El modo de pensar de nuestra reflexión teológica más avanzada todavía no ha superado los estrechos límites que le proporcionó la anticuada lógica de Aristóteles. Los católicos intentos del matemático y filósofo Le Roy, del pensador padre Laberthomière y del filósofo Blondel, no tuvieron eco suficiente. Una lógica infantil ha marcado casi todos los avances teológicos, por progresistas que parezcan. Todavía estamos a un nivel de pensamiento filosófico-teológico que corresponde a "un niño de ocho a nueve años", como descubrió el filósofo Brunschvig en 1932, basándose en los estudios del psicólogo Piaget empezados en 1924. Este pensar religioso sólo sabe clasificar, atribuir modalidades a las cosas y personas; pero le cuesta un inmenso trabajo relacionarse con ellas, o relacionarlas entre sí. Un objetivismo ingenuo toma las palabras y conceptos, atribuidos a las cosas, por realidades profundas. Se basó en una metafísica que tiene como fundamento una gramática, incluso mal entendida, como demostró Bertrand Russell. La filosofía aristotélica y el Derecho romano dieron al traste con el personalismo evangélico y el dinámico vitalismo bíblico, sustituyéndolos por la abstracción objetivizada cuando hablamos de la Trinidad, la clasificación estática cuando tratamos de moral, el absolutismo dogmatizante cuando transmitimos la experiencia religiosa, y el fisicismo representativo cuando se trata de las energías del espíritu y de los sacramentos.
La teología conservadora de ayer, y en parte la falsamente progresista, de hoy, no han sabido desprenderse de ese anticuado gorro de pensar greco-romano, centrado en el estático pensamiento de Aristóteles y en el leguleyismo clasificatorio de los Jatinos. El caso Küng -tan inteligentemente analizado por un desconocido del clan intelectual, el padre Argimiro Turrado- es demostrativo de lo que digo: su avance progresista no puede ser sino superficial, porque usa las mismas categorías obsoletas de la tradición occidental, tan cerrada que olvidó a san Agustín y a san Francisco de Asís como pensadores de un nuevo mundo distinto del que influyó en nuestra historia de Occidente. El primero dio ejemplo de un dinamismo mental ejemplar; y el segundo fue precursor abortado de una lógica viva de carácter relacional y no clasificatorio, que por eso le llevó a ser tan reticente con el estudio de sus frailes en las universidades de entonces.

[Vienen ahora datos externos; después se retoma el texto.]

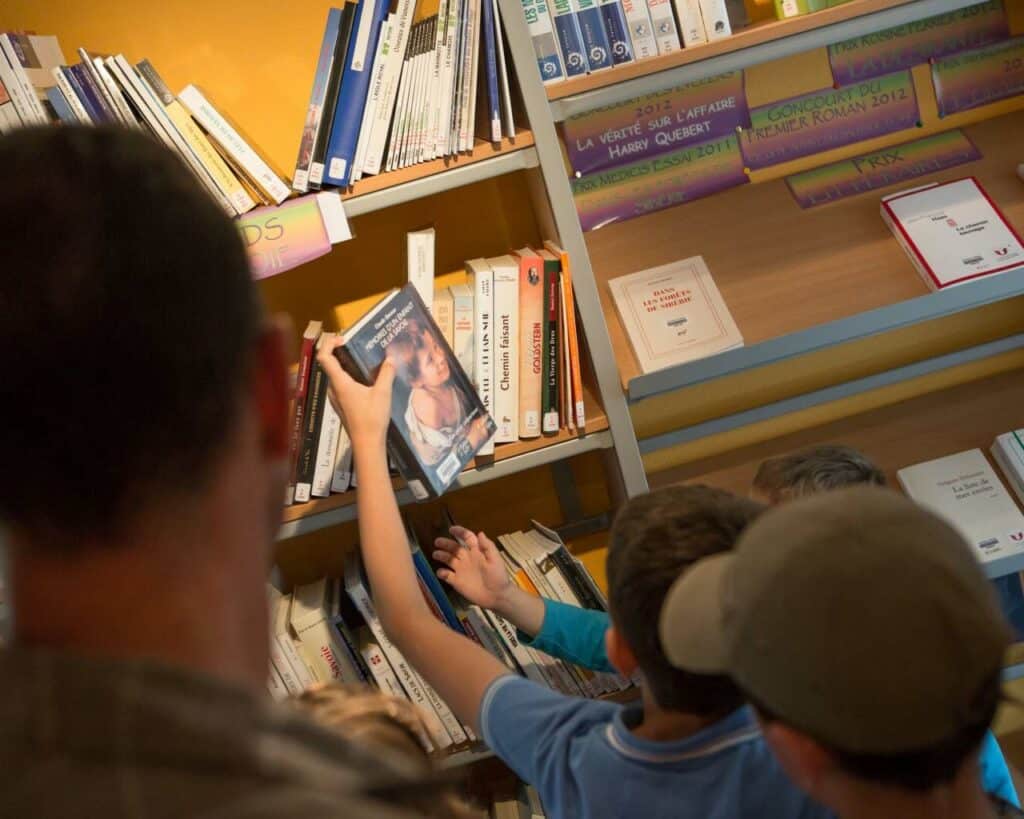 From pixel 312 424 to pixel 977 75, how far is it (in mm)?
1669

Si la ciencia ha avanzado tanto en este siglo no es por medio de nuevos conceptos, sino de nuevos juicios. Y la teología necesita inspirarse en sus hallazgos, y tirar por la borda casi todo lo que está haciendo, para centrar su pensamiento no en otras ideas también rígidas, aunque parezcan nuevas y chocantes, sino en nuevos juicios, nuevas relaciones entre las cosas y las personas. El oficio de clasificarlas en un número cada vez más grande de cajones no sirve para nada. Porque si yo, progresista, me meto -por así decirlo- en uno de esos cajones, todo lo valoro equivocadamente.